Excerpt from the entries below: please repeat exactly the lines from the one containing "Panasonic KX-TGB110 Cordless phone 1" through the last one, both ends included, with no pictures.

[[ Provided records, beginning ]]

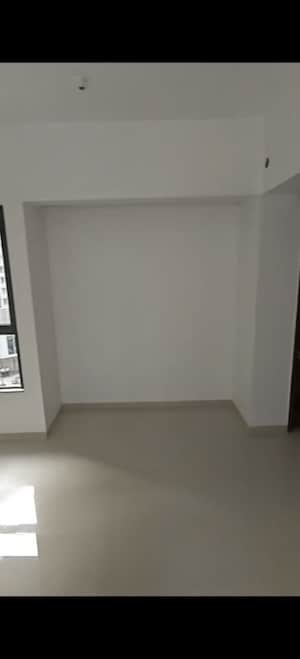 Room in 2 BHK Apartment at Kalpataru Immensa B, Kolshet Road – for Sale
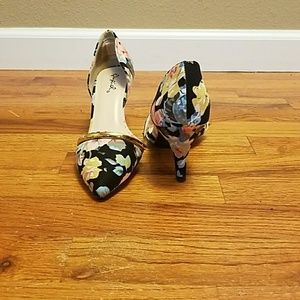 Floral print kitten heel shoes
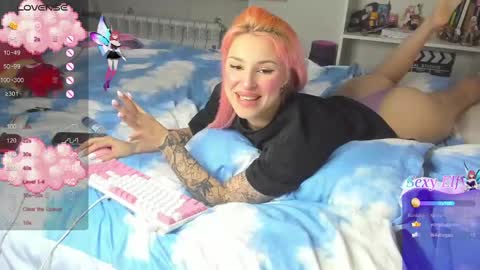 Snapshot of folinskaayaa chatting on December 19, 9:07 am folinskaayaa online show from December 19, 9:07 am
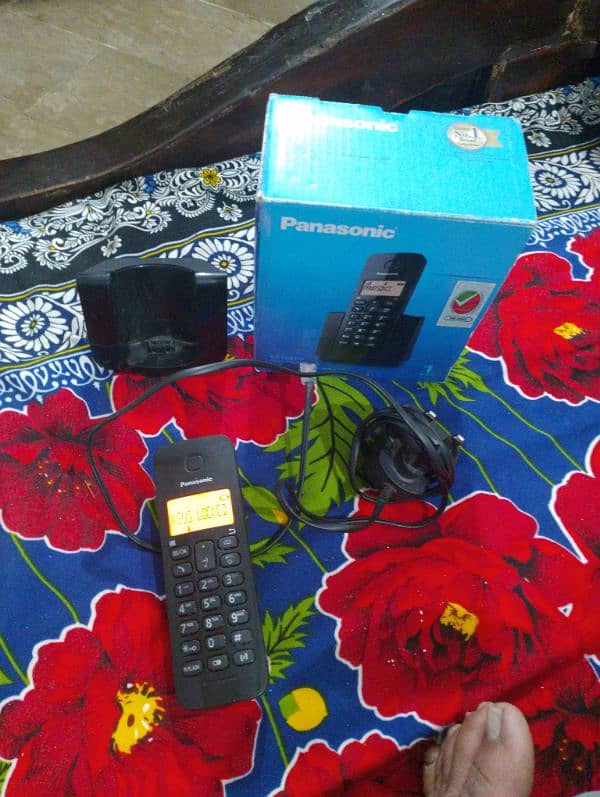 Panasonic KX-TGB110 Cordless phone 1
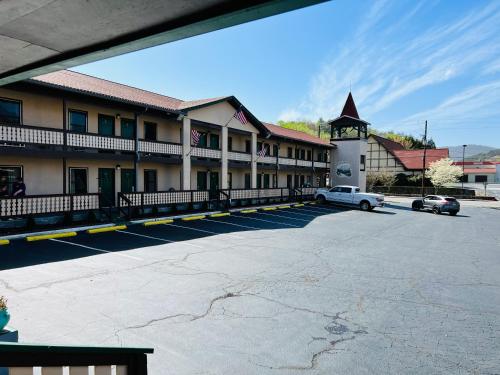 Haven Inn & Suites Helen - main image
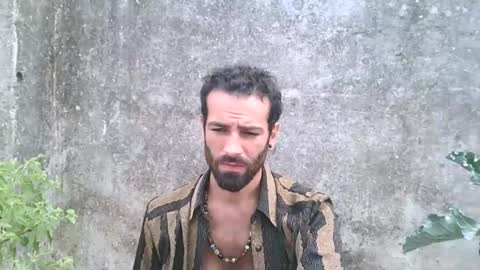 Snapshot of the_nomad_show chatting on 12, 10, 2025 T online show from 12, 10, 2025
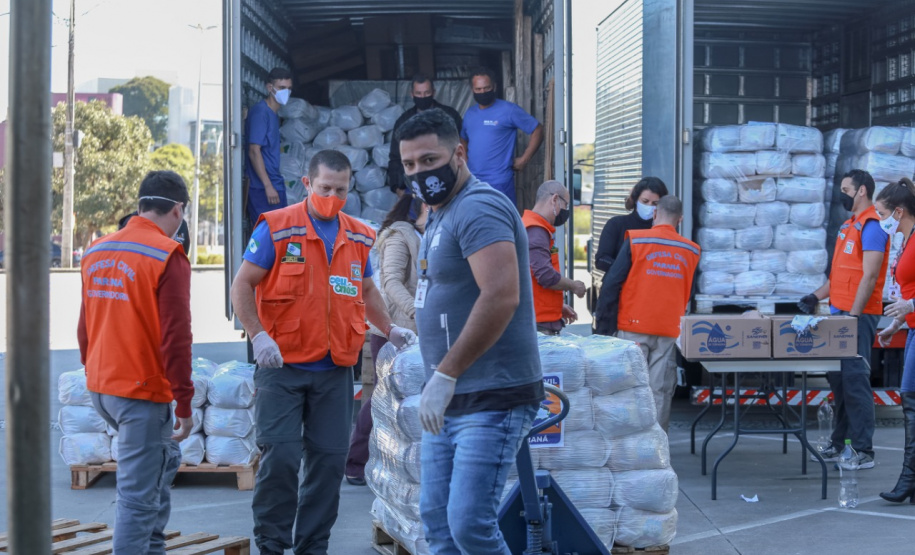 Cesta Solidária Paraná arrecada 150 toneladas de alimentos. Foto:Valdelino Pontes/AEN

[[ Provided records, end ]]

Task solution:
 Panasonic KX-TGB110 Cordless phone 1
 Haven Inn & Suites Helen - main image
 Snapshot of the_nomad_show chatting on 12, 10, 2025 T online show from 12, 10, 2025
 Cesta Solidária Paraná arrecada 150 toneladas de alimentos. Foto:Valdelino Pontes/AEN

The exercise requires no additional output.